Avec ce moyen, la résolution des conflits est des plus efficaces. Chaque élève impliqué se remet lui-même en question en cessant d’accuser les autres et lorsqu’ils partagent ce que leur cœur leur a dit à chacun, la solution est là, dans la complémentarité des réponses, et la situation est totalement apaisée. Les enfants concernés deviennent alors les meilleurs amis du monde.

J’ai constaté également que le degré de présence aux autres et à l’environnement augmente de manière significative quand les enfants sont reliés à leur cœur. Ils voient autour d’eux là où il faut intervenir : retenir une porte qui va claquer, aider un petit à remettre ses chaussures, soulager un enfant malade, aider à ramasser, à ranger, à nettoyer… Il y a des manifestations de solidarité qui font rêver au monde à venir : Dans la cour, S. heurte une haie avec son vélo ; comme convenu dans cette situation, il va poser son vélo pour le reste de la récréation. G. son copain le voit, sans hésiter il va lui-même poser son vélo en exhortant tous les copains : « Allez, on range tous nos vélos, et on continue à jouer ensemble avec S. ! »

Très vite, ils sont préoccupés par l’état du monde et se demandent si leur cœur va rester ouvert. V., 5 ans, analyse : « Quand on est adulte et qu’on n’écoute pas son cœur, on a le cœur qui bat, mais pas le cœur qui parle. » Et une fillette de demander : « Quand on est mort, est-ce que le cœur est vivant ? » Réponse de V. : « Le cœur ne bat plus, mais le Cœur est toujours vivant. »

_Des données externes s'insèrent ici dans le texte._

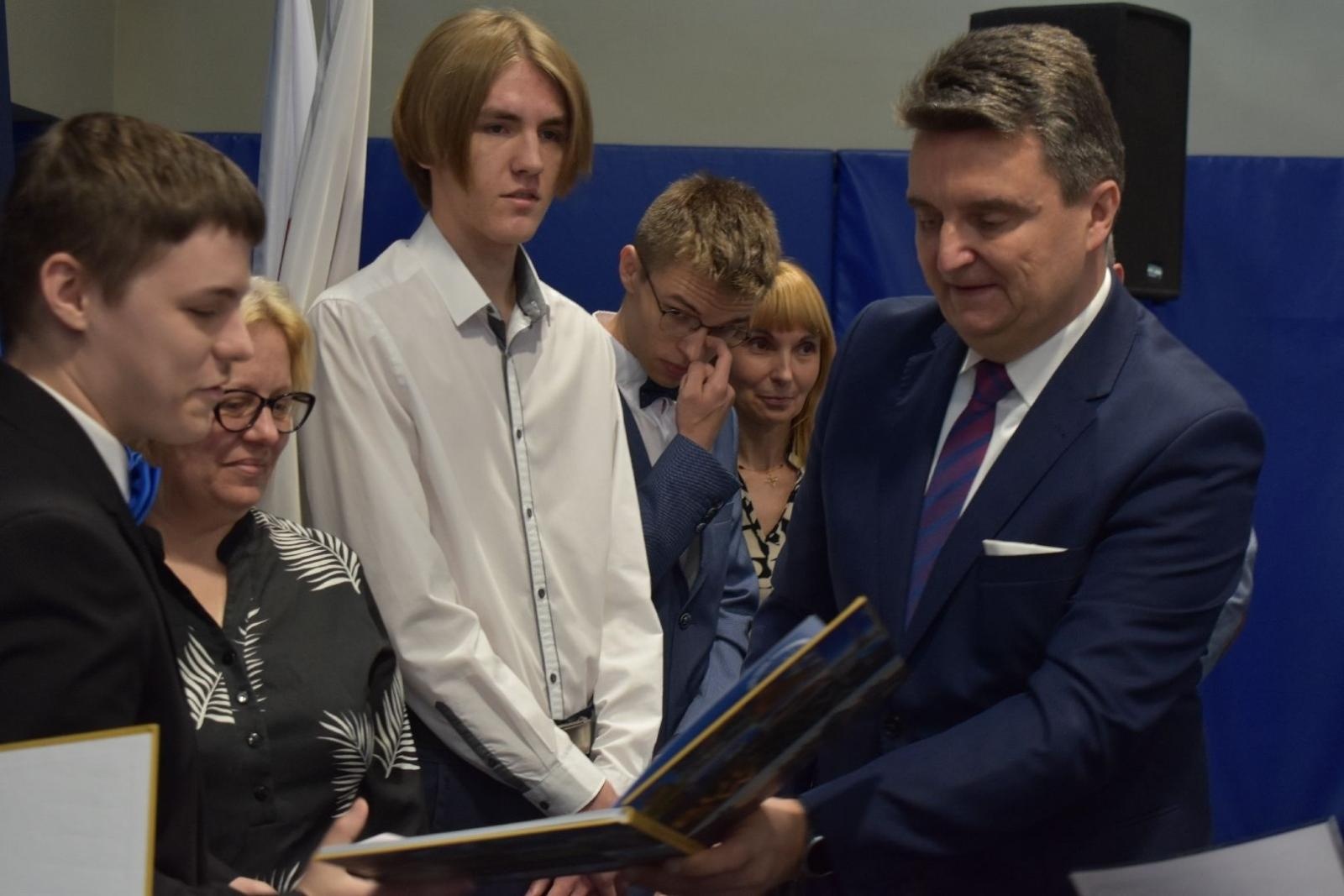 Zdjęcie w galerii na portalu naszwodzislaw.com: Maturzyści powiatowych szkół odebrali świadectwa [FOTO] wiadomości z regionu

En permettant aux nouvelles générations de trouver la référence intérieure universelle, on transforme l’état d’esprit de l’être humain. Il ne fait pas de doute que l’ancien monde – dont nous, adultes, faisons partie – disparaîtra avec toute ses incohérences, ses injustices et ses souffrances, pour laisser place à une existence nouvelle dont le sens sera clair pour tous. Aujourd’hui, il est impératif que toute éducation à quelque niveau que ce soit prenne en compte l’éveil à l’Intelligence du cœur.